Regrets

Tastea
The summer is really starting now. Happy June! Nothing beats having some cold drinks under the sun!

But let’s go back to graduation week. The first graduation I went was Journalism graduation so I was pretty excited to see what it’ll be like when I go up on the stage and end my college career. Well it didn’t hit me that way.

Journalism has several concentrations and I fall into the Public Relations concentration. So I watched different graduates line up and I saw Daily Sundial (my school newspaper) editor and photographer at the event. And I thought, that’s cool because you can pretty much enter and cover different events. Then Ruben is in Broadcasting concentration and he showed me the newsroom (I did not know we have one!) with big cameras and televisions everywhere. And I did get to go in the Daily Sundial “office” which I love! It’s a big open space with everyone working on stories, editing, making sure everything is ready by the deadline.

And I thought to myself, did I really consider all concentrations before jumping into Public Relations? I did have a reason for that and sadly, it all happened so fast (2 to 3 weeks, give or take). Then I started to feel a hint of regret.

I didn’t take time to explore. I didn’t try to visit every part of my department building.
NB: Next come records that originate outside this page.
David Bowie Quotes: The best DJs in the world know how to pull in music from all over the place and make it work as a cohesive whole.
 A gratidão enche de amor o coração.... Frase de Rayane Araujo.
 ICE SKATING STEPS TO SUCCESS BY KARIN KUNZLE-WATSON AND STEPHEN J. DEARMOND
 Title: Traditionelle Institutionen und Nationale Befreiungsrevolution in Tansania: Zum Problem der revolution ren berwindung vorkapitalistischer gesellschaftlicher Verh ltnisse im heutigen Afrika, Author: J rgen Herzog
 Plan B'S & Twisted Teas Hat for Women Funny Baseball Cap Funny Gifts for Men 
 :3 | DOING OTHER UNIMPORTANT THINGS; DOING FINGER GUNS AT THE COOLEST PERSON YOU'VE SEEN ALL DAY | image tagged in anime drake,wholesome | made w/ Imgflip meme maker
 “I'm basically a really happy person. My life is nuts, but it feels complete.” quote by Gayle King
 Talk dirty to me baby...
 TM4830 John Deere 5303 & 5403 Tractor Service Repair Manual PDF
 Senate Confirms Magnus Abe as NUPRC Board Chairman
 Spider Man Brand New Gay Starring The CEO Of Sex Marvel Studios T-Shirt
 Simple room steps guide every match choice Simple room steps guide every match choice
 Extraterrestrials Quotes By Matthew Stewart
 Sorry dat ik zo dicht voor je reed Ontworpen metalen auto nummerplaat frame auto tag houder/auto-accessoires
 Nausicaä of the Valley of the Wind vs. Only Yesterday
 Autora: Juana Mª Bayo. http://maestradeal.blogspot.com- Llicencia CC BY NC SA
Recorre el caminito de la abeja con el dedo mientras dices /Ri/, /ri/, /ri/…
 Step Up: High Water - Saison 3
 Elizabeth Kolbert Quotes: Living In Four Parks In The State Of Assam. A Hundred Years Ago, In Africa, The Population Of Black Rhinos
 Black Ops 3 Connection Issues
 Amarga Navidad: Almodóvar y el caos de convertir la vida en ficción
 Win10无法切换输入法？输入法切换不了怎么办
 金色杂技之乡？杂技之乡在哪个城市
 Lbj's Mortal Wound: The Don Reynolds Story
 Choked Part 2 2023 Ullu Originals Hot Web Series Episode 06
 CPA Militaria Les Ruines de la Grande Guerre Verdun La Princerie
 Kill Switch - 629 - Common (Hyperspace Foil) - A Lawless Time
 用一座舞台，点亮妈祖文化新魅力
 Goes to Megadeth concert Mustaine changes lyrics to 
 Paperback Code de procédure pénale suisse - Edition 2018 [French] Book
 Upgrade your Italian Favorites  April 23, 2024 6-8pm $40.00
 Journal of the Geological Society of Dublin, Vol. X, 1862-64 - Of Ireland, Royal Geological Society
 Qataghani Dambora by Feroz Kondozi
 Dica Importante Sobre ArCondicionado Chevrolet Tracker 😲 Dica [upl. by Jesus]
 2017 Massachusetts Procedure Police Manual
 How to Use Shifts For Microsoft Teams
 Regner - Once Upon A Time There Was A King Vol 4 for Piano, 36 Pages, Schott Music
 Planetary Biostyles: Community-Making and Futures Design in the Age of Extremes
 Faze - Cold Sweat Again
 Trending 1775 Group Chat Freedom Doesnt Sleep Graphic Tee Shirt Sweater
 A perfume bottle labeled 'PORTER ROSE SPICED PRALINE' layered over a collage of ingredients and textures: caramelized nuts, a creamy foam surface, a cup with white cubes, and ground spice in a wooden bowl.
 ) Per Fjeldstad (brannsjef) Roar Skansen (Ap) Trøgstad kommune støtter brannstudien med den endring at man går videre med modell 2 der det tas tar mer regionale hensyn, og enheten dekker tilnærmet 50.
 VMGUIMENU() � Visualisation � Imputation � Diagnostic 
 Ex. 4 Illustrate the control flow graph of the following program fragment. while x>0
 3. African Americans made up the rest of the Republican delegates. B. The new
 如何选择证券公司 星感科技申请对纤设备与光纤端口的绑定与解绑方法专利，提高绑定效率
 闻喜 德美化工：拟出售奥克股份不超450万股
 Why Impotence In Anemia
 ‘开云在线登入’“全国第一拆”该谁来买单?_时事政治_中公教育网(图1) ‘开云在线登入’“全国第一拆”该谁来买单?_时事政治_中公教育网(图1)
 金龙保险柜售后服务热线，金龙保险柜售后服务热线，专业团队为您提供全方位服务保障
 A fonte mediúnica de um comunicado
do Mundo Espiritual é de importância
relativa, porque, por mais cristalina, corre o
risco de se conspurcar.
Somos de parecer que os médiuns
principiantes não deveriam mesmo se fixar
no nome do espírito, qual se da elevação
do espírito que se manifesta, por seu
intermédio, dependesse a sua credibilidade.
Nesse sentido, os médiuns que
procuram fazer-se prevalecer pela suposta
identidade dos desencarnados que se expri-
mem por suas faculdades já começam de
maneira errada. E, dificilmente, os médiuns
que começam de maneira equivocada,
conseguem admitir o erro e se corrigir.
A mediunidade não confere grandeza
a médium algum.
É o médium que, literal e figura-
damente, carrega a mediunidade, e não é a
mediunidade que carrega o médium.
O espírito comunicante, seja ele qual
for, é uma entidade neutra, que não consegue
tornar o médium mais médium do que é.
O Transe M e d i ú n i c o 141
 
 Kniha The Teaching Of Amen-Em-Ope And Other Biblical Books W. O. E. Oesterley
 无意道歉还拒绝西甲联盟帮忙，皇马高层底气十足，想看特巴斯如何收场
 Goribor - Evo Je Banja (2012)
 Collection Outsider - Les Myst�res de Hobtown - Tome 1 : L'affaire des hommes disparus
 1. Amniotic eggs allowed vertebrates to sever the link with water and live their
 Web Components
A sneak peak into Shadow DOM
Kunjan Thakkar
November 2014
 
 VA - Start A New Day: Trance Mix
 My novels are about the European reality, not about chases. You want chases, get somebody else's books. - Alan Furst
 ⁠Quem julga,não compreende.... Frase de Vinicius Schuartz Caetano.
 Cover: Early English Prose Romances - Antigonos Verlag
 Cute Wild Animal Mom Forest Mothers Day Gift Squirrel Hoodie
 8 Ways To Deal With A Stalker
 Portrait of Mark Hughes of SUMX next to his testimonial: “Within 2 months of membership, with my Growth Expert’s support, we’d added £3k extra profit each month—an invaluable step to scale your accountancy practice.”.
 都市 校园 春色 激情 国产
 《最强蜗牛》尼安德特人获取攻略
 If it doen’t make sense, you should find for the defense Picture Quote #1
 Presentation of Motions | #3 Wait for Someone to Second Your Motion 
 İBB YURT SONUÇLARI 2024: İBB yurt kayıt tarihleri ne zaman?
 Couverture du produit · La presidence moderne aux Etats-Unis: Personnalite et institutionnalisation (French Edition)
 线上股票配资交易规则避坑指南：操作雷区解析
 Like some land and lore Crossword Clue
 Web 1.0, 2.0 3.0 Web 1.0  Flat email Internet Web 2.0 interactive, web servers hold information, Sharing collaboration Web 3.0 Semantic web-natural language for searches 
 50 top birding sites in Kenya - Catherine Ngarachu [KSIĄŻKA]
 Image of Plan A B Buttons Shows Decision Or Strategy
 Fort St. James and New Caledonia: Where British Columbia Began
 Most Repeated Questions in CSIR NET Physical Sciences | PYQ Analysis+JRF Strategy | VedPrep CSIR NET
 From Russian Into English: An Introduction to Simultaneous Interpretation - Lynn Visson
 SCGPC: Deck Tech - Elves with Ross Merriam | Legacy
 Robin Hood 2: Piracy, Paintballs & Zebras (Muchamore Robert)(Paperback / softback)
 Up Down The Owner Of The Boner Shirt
I didn’t look through all concentrations. Regrets.

But.

Going back even further to one class, my teacher showed me a video about a student who became a PR for a zoo. Yes, a zoo! She was required to get people attention to come out to the zoo often and even hosted a New Year event to see the ball drop along with all the night creatures at the zoo. I thought that is perfect! And I realize the opportunities are much more than I thought. And I do not have to restrict to certain types of companies or clients I will have to work with.

And I’ve met with my adviser. She’s so great and supportive of the students. She is one of the reasons I felt confident in this concentration, not that I didn’t think I’ll do well with others. PR just seems more fitting to me and yet out of my comfort zone. I find it scary and exciting at the same time.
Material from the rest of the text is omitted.